Fortunately, I saw a way out. For weeks, the sales manager at Burnham & Company had been calling trying to get me to jump ship. He'd play on everything I didn't like about LaGrange by advertising Burnham's family-like culture, its emphasis on a wide range of stocks, and its paternalistic founder. The sales manager assured me that with my skills and Burnham's support "you'll triple your production, I guarantee it." Usually words like that should make anyone suspicious, but I took the bait and, sure enough, my commissions zoomed to the point where I brought home $25,000 in 1959. Of course, those were years when commissions were regulated and actually maintained at very rich levels. For instance, commissions then approximated 7 percent of clients' assets, or ten times the rate typically earned forty years later. However I earned it, my pay put me in the elite of all retail brokers at the time.
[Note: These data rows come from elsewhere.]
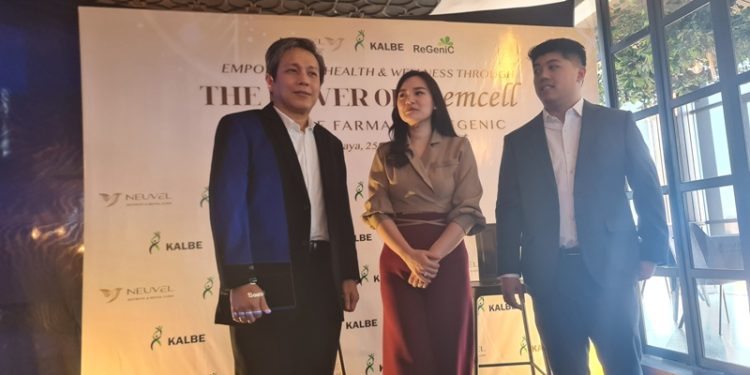 Kota Surabaya mulai mengadopsi Teknologi Stem Cell untuk Kesehatan dan Kecantikan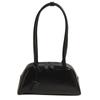 Outono e inverno nova bolsa Boston feminina estilo francês casual simples deslocamento cor sólida nicho estilo americano retro bolsa de ombro axila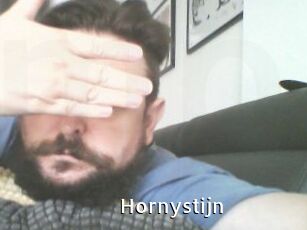 Hornystijn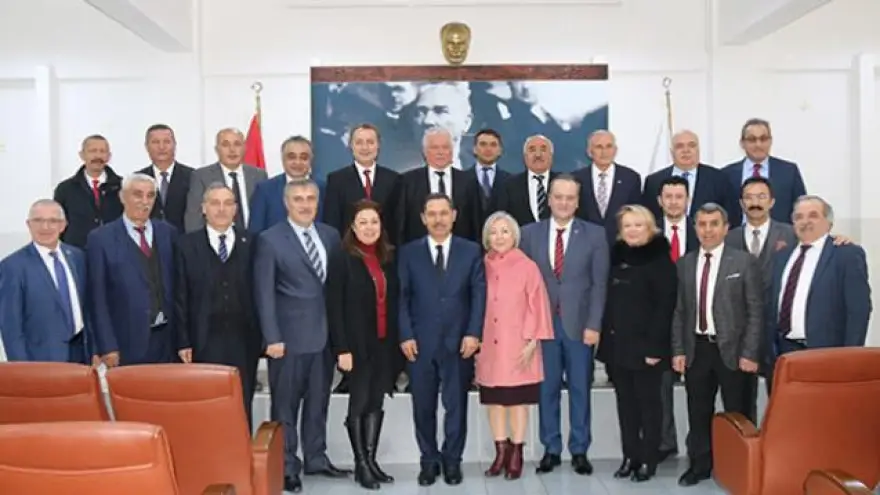 Ereğli Belediye Meclisi perdeyi kapattı!..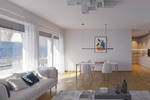 Penthouse Traum mit großer Terrasse NUSSGÄRTEN Bad Nauheim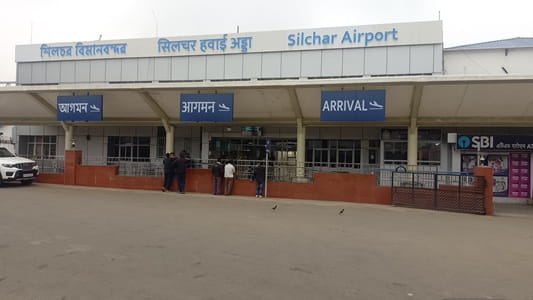Silchar Airport, Silchar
Burnham & Company was a terrific place most of all because of its founder, I. W. "Tubby" Burnham. Tubby was one of the most down-to-earth and nicest men I have ever known. The grandson of the distiller I. W. Harper, Tubby had earned his nickname as a child when he was forced to gain fifty pounds as part of the cure for typhoid fever. He opened the firm's doors in 1935—I was impressed that someone could build a firm that could stand such a test of time. Tubby was the perfect mentor: He was a consummate retail broker and always enjoyed working with young employees with whom he shared his accumulated wisdom. He'd constantly walk around the fifty-person firm and ask employees for their ideas. He demonstrated his humanity by treating his employees as though they were family and imparted to each the sense that they were all equally important. It was a style so lacking elsewhere on Wall Street. Tubby may not have been a rocket scientist, but he taught me the importance of focusing on the basics in running a business, especially the need to respect and value one's employees.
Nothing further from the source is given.